The regulatory environment is simultaneously maturing and fragmenting. The EEOC removed its AI hiring guidance in January 2025, creating a federal vacuum now filled by a patchwork of state and international standards: California (FEHA, October 2025), Illinois HB 3773 (January 2026, prohibiting intent-independent discrimination), Colorado (SB 24-205, June 2026), Texas (TRAIGA, January 2026), Ontario (AI disclosure mandate), Germany (EU AI Regulation conformity assessments by August 2026), UK (Data Act 2025 reformed automated decision-making). The EU AI Act classifies recruitment as high-risk with mandatory risk management, data governance, human oversight, and transparency requirements—penalties up to 7% of global annual revenue by August 2, 2026. The Mobley v. Workday class action (certified nationwide, ~1.1B applications affected) and escalating HireVue litigation (ACLU, EEOC, EPIC complaints on bias and accessibility) establish vendor liability precedent. This fragmented compliance burden—requiring simultaneous navigation of conflicting state and international standards—favours caution and amplifies costs for enterprises seeking broad-scale deployment. The practice has achieved operational maturity but faces a compliance infrastructure crisis that blocks mass-market expansion.
— Greenhouse survey (2,950 job seekers): 63% have faced AI interviews (up 13 points in 6 months). Critical demand signals: 70% not told upfront; 38% left hiring process due to AI; 57% believe disclosure legal requirement. Candidates demand explainability, human review, bias audit proof. Adoption + trust gap convergence.
— Empirical bias analysis: Carnegie Mellon study (2.3M resume screenings) shows AI-generated text scored 18–23% higher. Algorithmic Justice League audit (40 companies) found 31% lower pass-through for immigrant English, 27% for 55+, 19% for AI-avoiders. Disparate impact scores show large-scale ATS at 0.71, human-in-the-loop hybrid at 0.91.

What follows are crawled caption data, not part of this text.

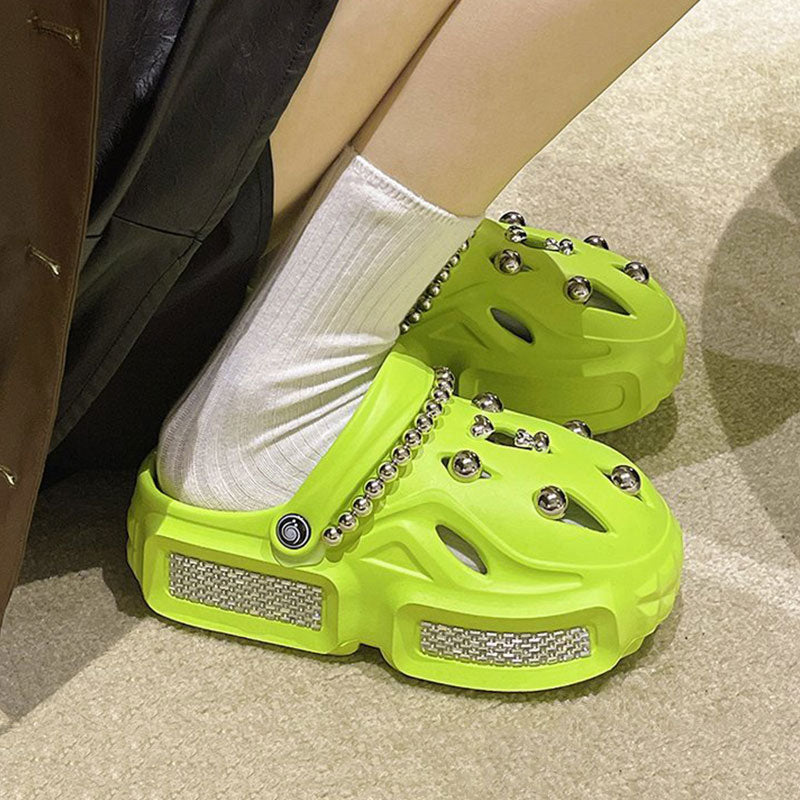 Women's Sandals Thick Soft Home Slippers Non-slip Outdoors Cool Chain Fashion Cozy Slides Easy Washing Breathable Cut-out Green01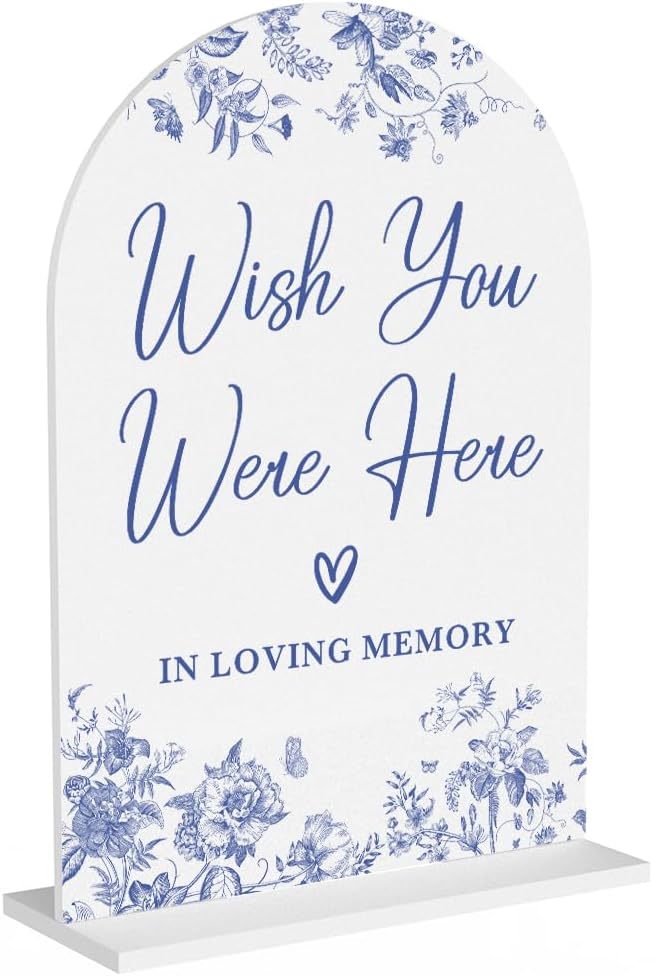 Acrylic Wedding Signs, Dusty Blue Wedding Decor, Blue Weddings Decor, Wish You Were Here Signs for Reception, Modern Calligraphy Arch Acrylic Table Top Sign for Weddings Parties Dinners (White)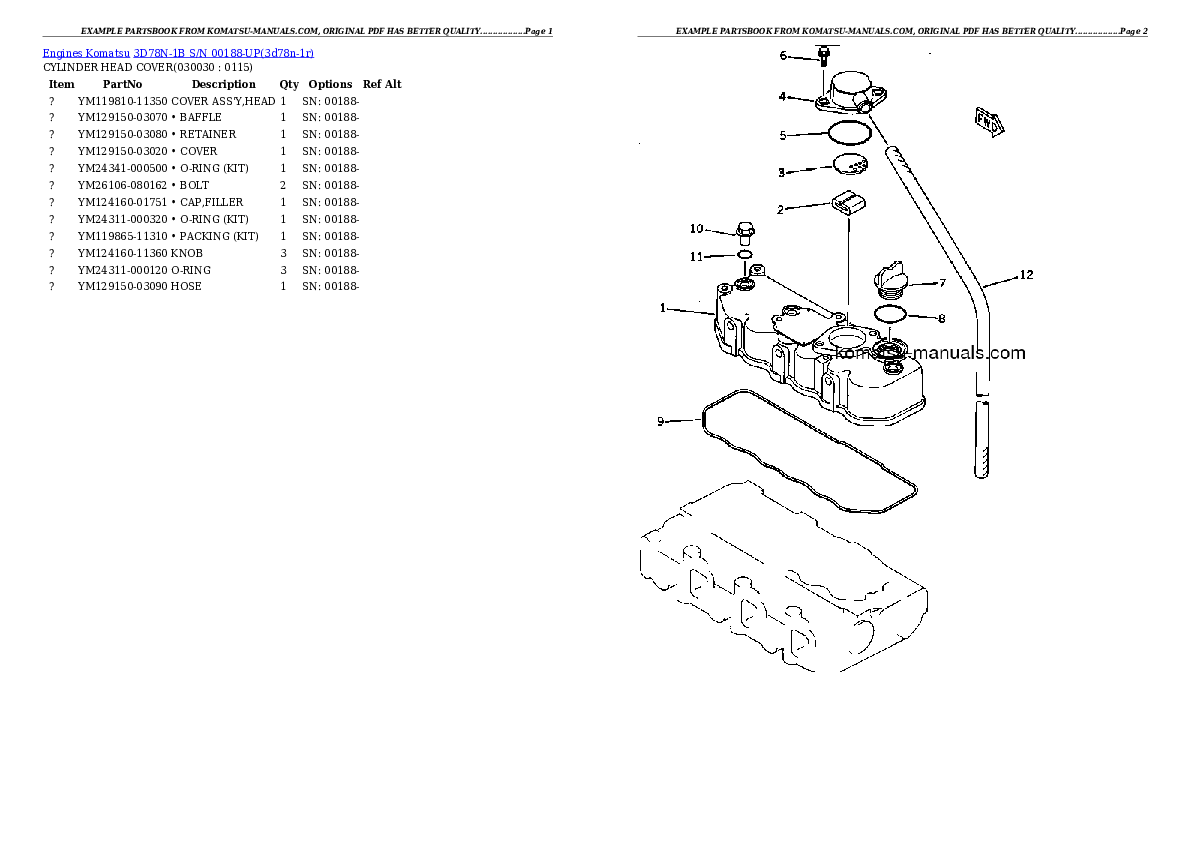 Komatsu 3d78n-1b parts books engines download Komatsu 3d78n-1b parts books engines download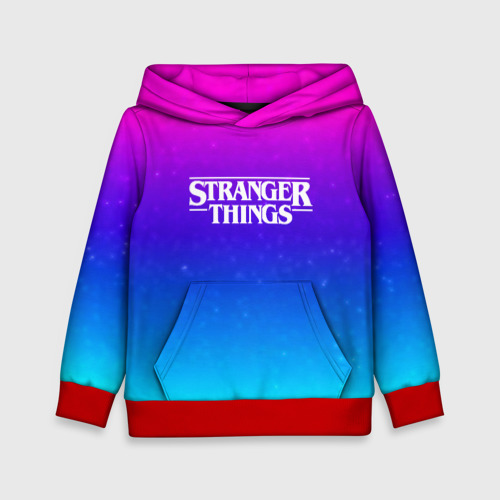 Детская толстовка 3D Stranger Things gradient colors, цвет красный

— Federal class action (certified nationwide, ~1.1B applications) establishing employer and vendor liability for disparate impact in AI candidate screening. Court rejected Workday's motion to dismiss, treating vendor as direct agent. Establishes disparate impact liability standard: selection rates for protected groups must be ≥80% of highest-performing group or trigger deeper review.
— Regulatory convergence documented: 26 states advancing AI hiring regulation. NYC Local Law 144: mandatory bias audits with public disclosure, four-fifths rule enforcement. Colorado SB24-205 (June 30): annual impact assessments, NIST alignment required. Illinois/Colorado grant candidate opt-out and human review rights. Defines governance pillars: notice, audits, disparate impact testing, transparency.

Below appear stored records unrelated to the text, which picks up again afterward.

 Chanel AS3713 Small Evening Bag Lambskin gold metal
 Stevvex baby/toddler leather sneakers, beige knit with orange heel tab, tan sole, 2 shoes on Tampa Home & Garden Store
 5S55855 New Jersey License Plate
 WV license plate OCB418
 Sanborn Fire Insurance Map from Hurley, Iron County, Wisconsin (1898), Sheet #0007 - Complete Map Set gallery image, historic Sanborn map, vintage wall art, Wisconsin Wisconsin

— Real company deployment (Meta, 2026): level-specific structured interview loops with explicit rubric dimensions. Behavioral rounds carry explicit weight (can downlevel candidates). All scoring is binary Hire/No Hire with confidence levels. Demonstrates structured rubric implementation at enterprise scale for hundreds of annual candidates.
— EU AI Act enforcement August 2, 2026: recruitment AI explicitly classified as high-risk. CV screening, interview scoring, candidate assessment systems subject to technical documentation, human oversight, bias audits, transparency. Deployment-implementation gap signal: 65% of EU large companies already use AI hiring tools; only 11% inform candidates.

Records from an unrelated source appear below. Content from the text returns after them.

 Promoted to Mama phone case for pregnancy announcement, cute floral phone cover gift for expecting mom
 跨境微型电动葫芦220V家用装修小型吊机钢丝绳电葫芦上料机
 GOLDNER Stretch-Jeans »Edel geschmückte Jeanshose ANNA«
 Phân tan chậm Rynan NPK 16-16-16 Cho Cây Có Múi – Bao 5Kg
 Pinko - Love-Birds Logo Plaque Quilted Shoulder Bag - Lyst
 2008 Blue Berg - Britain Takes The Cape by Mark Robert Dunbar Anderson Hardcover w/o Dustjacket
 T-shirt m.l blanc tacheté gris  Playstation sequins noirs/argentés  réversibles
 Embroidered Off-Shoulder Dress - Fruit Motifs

— Independent bias audit by BABL AI (ForHumanity certified under NYC AEDT standard) of 29M+ assessments from Eightfold Matching Model. Gender impact ratio 0.962 (PASS), all race/ethnicity groups 0.938–1.000 (PASS). Demonstrates ecosystem maturity: vendor-audited at scale, independent attestation, published methodology, transparency in structured scoring approach.
— Survey of 382 HR/talent professionals: 94% use assessments, 50%+ with AI. Only 22% confident AI is ethical; one-third operate 'Shadow AI' with algorithms influencing talent decisions without full visibility. Documents governance gaps and candidate manipulation risks in production deployments.